Thursday, September 16, 2010

Speaking of language and framing

Framing, of course, refers to the idea that how an argument is presented affects how it's perceived by others. (A version of which I described over 35 years ago by saying that the first rule of effective communication is that what you say is not as important as what the other person hears.) Some framing, both positive ("we good") and negative ("they bad"), is done deliberately. Other framing is done unconsciously, the result of assumptions that may or may not square with logic or reality but which persist because they are unexamined. That sort of framing can be even harder to overcome, being built right into our social and political discourse.
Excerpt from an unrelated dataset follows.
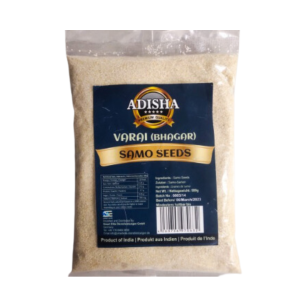 Adisha Samo Seeds (Varai/Bhagar) 500g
And it can lead to some really weird results.

Consider this article from DailyFinance.com:
Almost half the country opposes tax increases for the richest Americans, according to a poll suggesting that congressional Democrats are taking some risk by backing President Barack Obama's plan to boost levies on the wealthy. ...

The Associated Press-GfK Poll is stuffed with encouraging signs for the GOP. ...
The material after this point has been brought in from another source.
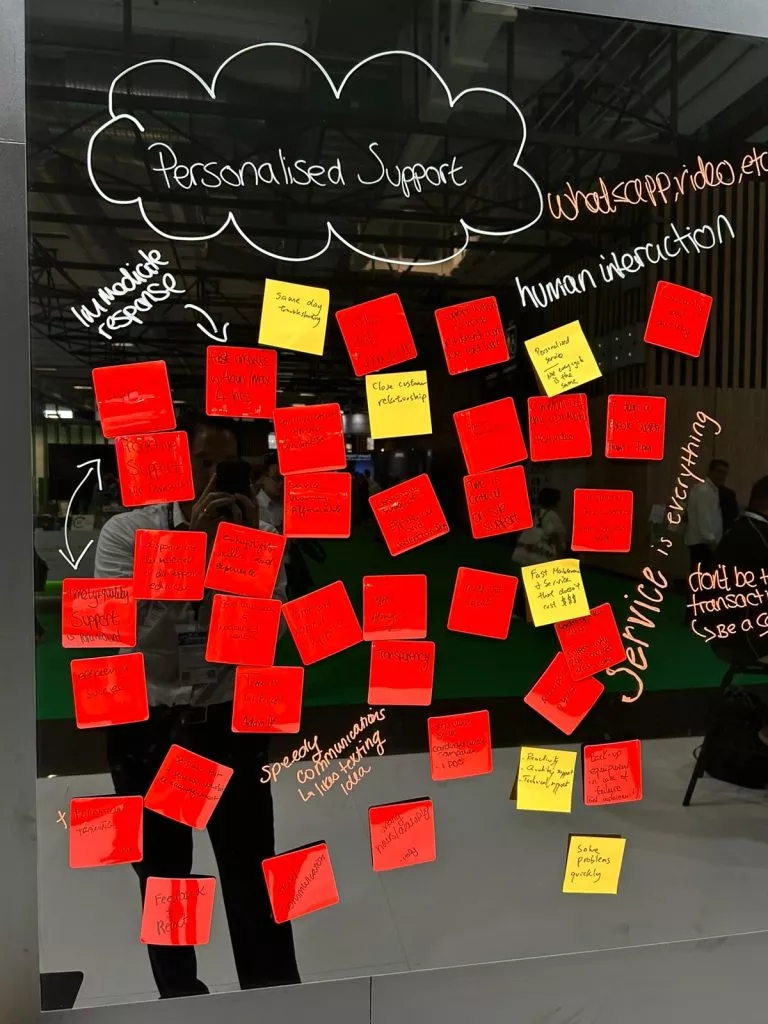 Listening, Learning, and Leading: What You Told Us at ESHRE 2025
By a 46 percent to 41 percent margin, people want Republicans steering the economy....

[W]hile Americans are evenly split over whether they prefer their district's Democratic or GOP congressional candidate, those likeliest to vote tilt toward the Republicans, 53 percent to 43 percent. ...

The survey showed that by 54 percent to 44 percent, most people support raising taxes on the highest earners....

Even so, the poll underscored the political pickle Democrats face in the tax fight. ...

Overall, 40 percent said the country is heading in the right direction, slightly better than last month but below the 48 percent who said so in the early months of Obama's presidency. ...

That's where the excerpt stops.